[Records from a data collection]

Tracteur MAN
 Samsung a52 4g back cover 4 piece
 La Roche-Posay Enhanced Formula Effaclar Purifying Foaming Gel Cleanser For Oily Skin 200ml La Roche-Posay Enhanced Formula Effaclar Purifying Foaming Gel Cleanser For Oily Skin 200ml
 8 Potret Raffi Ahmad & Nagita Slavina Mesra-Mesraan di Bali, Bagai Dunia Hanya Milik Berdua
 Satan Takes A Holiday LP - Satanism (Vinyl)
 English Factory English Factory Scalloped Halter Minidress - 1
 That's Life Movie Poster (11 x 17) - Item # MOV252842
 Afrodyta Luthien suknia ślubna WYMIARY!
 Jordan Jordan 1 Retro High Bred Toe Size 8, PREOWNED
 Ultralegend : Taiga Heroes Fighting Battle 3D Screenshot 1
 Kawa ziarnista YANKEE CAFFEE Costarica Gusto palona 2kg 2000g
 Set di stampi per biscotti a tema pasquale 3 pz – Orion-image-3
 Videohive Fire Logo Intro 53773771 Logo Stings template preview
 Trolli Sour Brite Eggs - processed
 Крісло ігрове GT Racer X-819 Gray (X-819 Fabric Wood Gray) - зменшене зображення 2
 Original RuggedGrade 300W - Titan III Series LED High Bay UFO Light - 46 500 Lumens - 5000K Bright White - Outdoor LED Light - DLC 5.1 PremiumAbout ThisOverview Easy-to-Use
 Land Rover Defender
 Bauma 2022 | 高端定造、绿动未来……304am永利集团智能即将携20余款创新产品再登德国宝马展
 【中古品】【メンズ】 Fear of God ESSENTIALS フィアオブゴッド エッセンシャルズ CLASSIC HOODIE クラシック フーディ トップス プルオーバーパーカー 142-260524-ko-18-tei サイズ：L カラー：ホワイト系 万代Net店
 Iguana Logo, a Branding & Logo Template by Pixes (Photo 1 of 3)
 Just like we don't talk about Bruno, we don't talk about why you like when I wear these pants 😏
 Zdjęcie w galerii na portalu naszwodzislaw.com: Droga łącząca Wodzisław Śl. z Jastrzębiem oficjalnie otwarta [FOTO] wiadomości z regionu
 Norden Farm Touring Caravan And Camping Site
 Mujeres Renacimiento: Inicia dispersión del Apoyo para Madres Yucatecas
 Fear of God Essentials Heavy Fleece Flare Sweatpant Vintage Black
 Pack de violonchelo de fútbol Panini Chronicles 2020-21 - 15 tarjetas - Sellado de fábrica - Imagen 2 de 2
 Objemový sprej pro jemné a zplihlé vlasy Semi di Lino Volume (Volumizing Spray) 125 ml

• **Problem to solve**
Write down exactly the span of lines above from the one containing "Skin 200ml La" to the one containing "Mujeres Renacimiento: Inicia", both ends included.

• **Answer below**
 La Roche-Posay Enhanced Formula Effaclar Purifying Foaming Gel Cleanser For Oily Skin 200ml La Roche-Posay Enhanced Formula Effaclar Purifying Foaming Gel Cleanser For Oily Skin 200ml
 8 Potret Raffi Ahmad & Nagita Slavina Mesra-Mesraan di Bali, Bagai Dunia Hanya Milik Berdua
 Satan Takes A Holiday LP - Satanism (Vinyl)
 English Factory English Factory Scalloped Halter Minidress - 1
 That's Life Movie Poster (11 x 17) - Item # MOV252842
 Afrodyta Luthien suknia ślubna WYMIARY!
 Jordan Jordan 1 Retro High Bred Toe Size 8, PREOWNED
 Ultralegend : Taiga Heroes Fighting Battle 3D Screenshot 1
 Kawa ziarnista YANKEE CAFFEE Costarica Gusto palona 2kg 2000g
 Set di stampi per biscotti a tema pasquale 3 pz – Orion-image-3
 Videohive Fire Logo Intro 53773771 Logo Stings template preview
 Trolli Sour Brite Eggs - processed
 Крісло ігрове GT Racer X-819 Gray (X-819 Fabric Wood Gray) - зменшене зображення 2
 Original RuggedGrade 300W - Titan III Series LED High Bay UFO Light - 46 500 Lumens - 5000K Bright White - Outdoor LED Light - DLC 5.1 PremiumAbout ThisOverview Easy-to-Use
 Land Rover Defender
 Bauma 2022 | 高端定造、绿动未来……304am永利集团智能即将携20余款创新产品再登德国宝马展
 【中古品】【メンズ】 Fear of God ESSENTIALS フィアオブゴッド エッセンシャルズ CLASSIC HOODIE クラシック フーディ トップス プルオーバーパーカー 142-260524-ko-18-tei サイズ：L カラー：ホワイト系 万代Net店
 Iguana Logo, a Branding & Logo Template by Pixes (Photo 1 of 3)
 Just like we don't talk about Bruno, we don't talk about why you like when I wear these pants 😏
 Zdjęcie w galerii na portalu naszwodzislaw.com: Droga łącząca Wodzisław Śl. z Jastrzębiem oficjalnie otwarta [FOTO] wiadomości z regionu
 Norden Farm Touring Caravan And Camping Site
 Mujeres Renacimiento: Inicia dispersión del Apoyo para Madres Yucatecas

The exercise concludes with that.